• _Exercise description_:
When you copy from the entries that follow, take only the lines from the one with "アラン2本 Ravelry: no.21" down to the one with "Hatay ve Çanakkale'de", keeping both ends and dropping every picture.
-*-*-
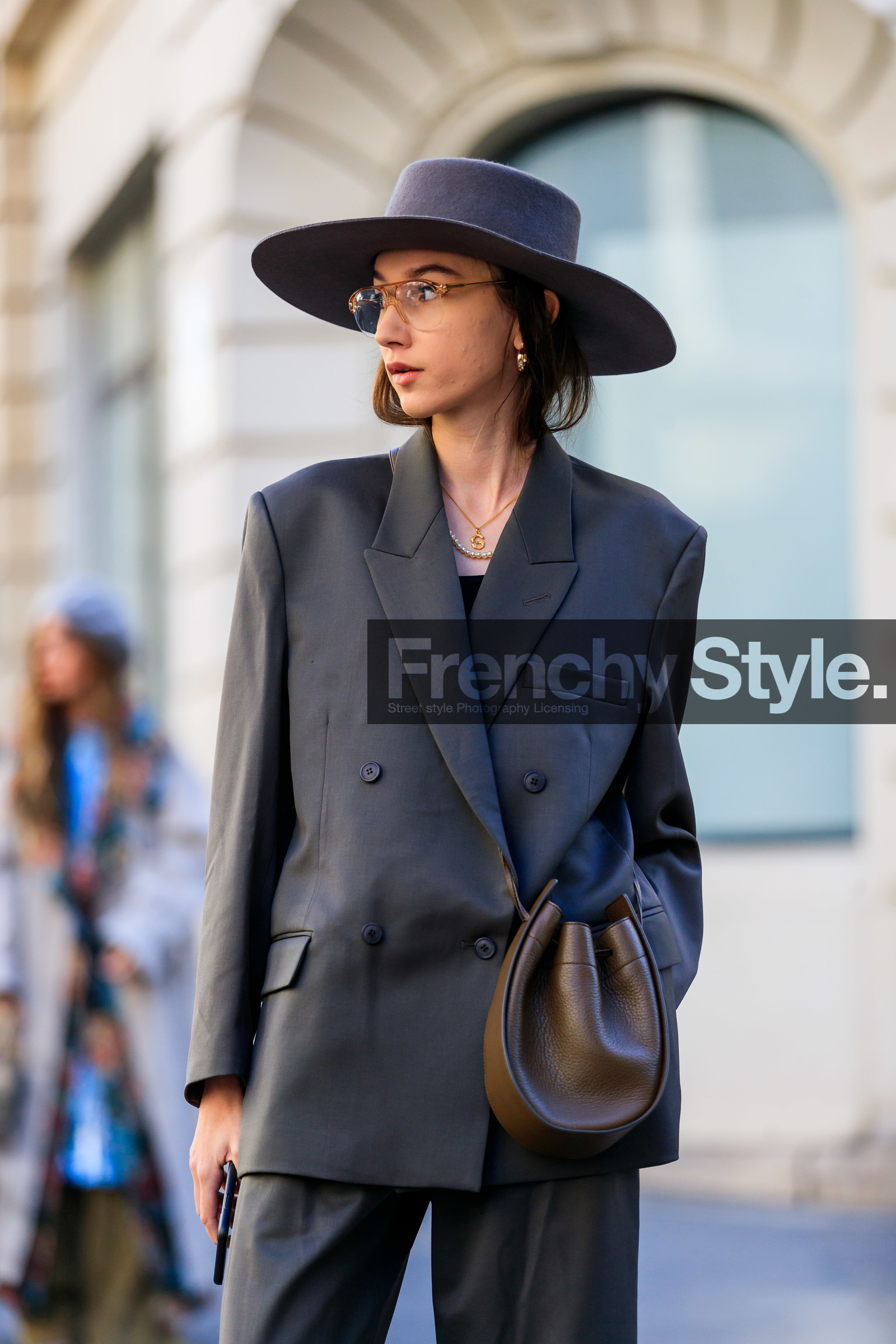 beatrice gutu, blazer, brown bag, grey hat, grey jacket, grey pants, grey suit, leather bag, trousers, fashion week, frenchystyle, FW, jonathan paciullo, street style, PFW, PARIS, AUTUMN WINTER 2019-2020, AW 19-20, FALL WINTER 2019-2020, FW 19-20, vertical, atmosphere details, detail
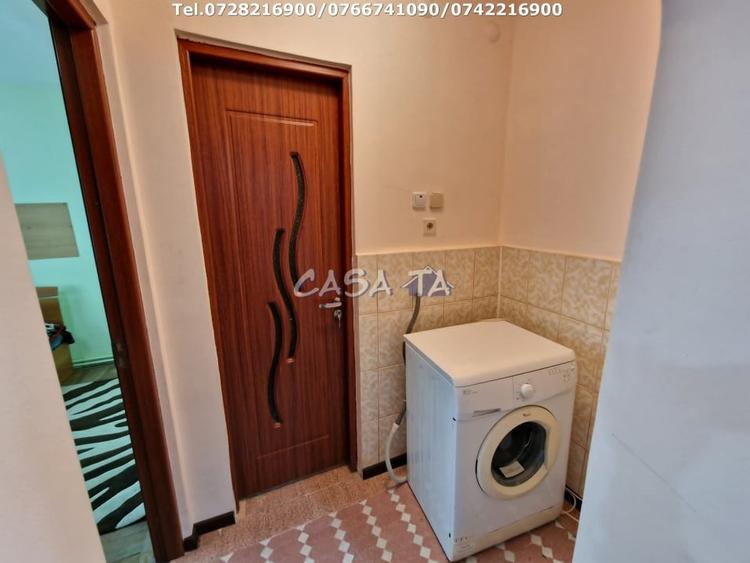 Inchiriere apartament 3 camere, situat in Targu Jiu, Str. G-ral Christian Tell - 8
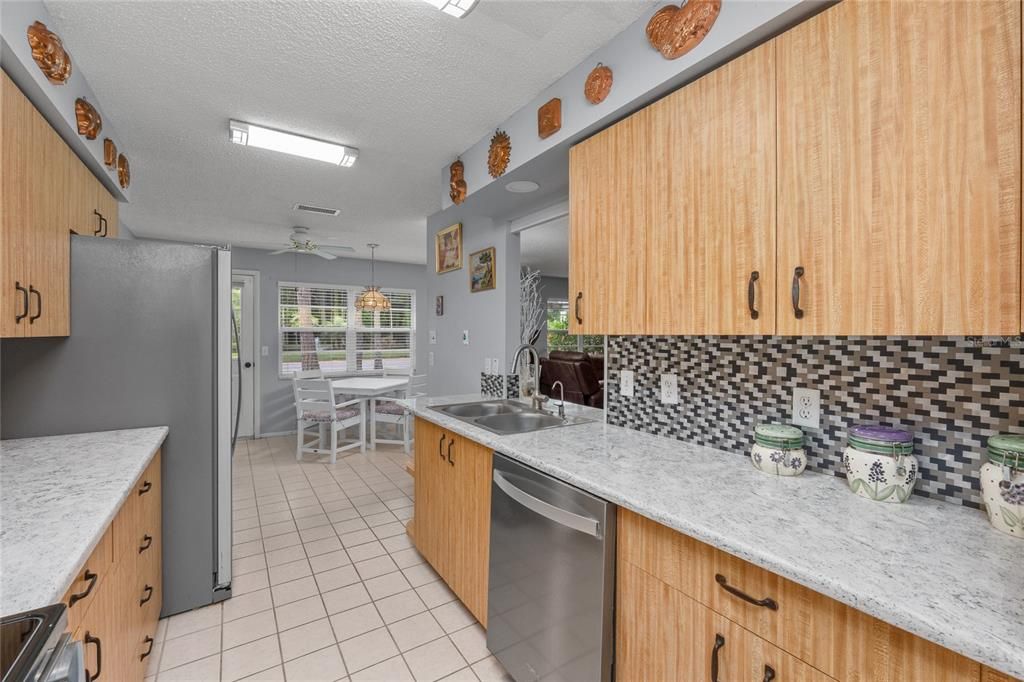 На продажу: $195,000 (2 спален, 2 ванн, 1215 Квадратных фут)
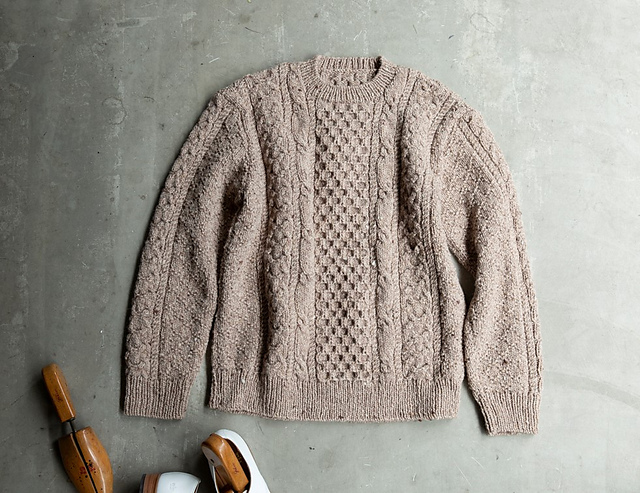 アラン2本 Ravelry: no.21 Aran Sweater pattern by Makiko Okamoto (岡本 真希子)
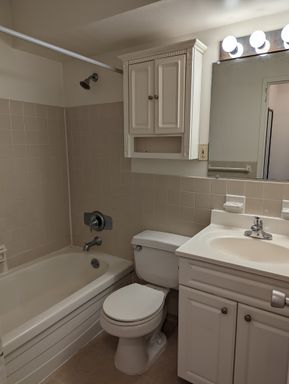 130 Bowdoin Street , 1702, Boston, MA 02108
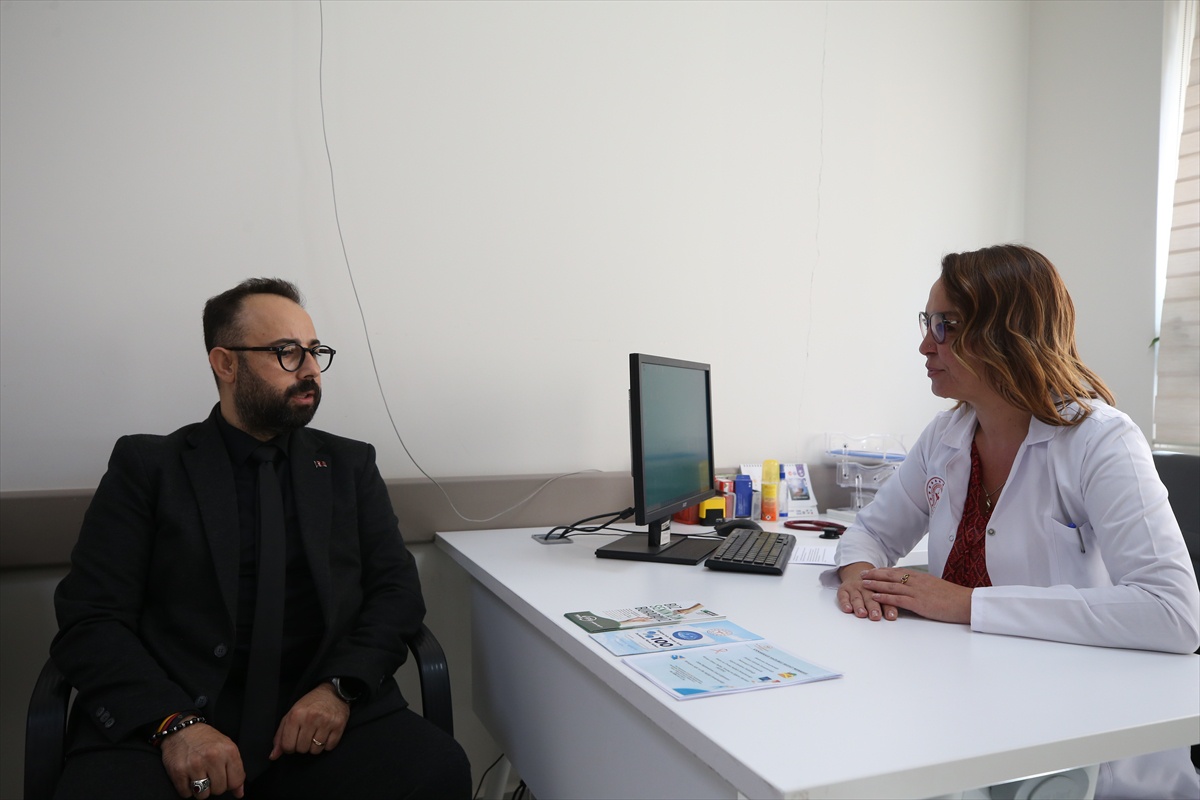 Hatay ve Çanakkale'de sağlık çalışanları sigarayı poliklinikte bıraktı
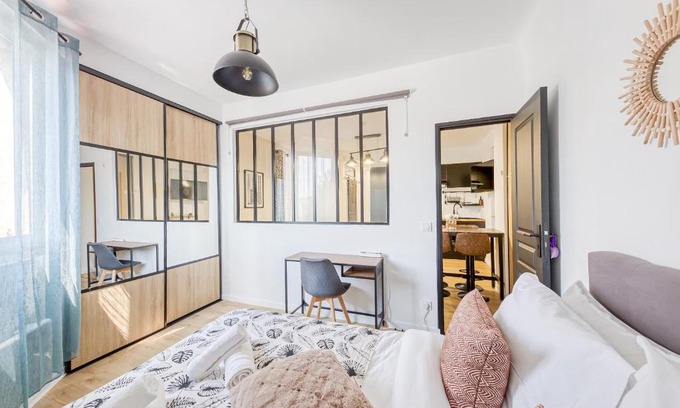 Le Kremlin-Bicetre Apartment | KB25 - Métro 14 et le Métro 7 à 6 minutes à pied Emplacement stratégique plus parking gratuit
-*-*-
• _Result of this exercise_:
 アラン2本 Ravelry: no.21 Aran Sweater pattern by Makiko Okamoto (岡本 真希子)
 130 Bowdoin Street , 1702, Boston, MA 02108
 Hatay ve Çanakkale'de sağlık çalışanları sigarayı poliklinikte bıraktı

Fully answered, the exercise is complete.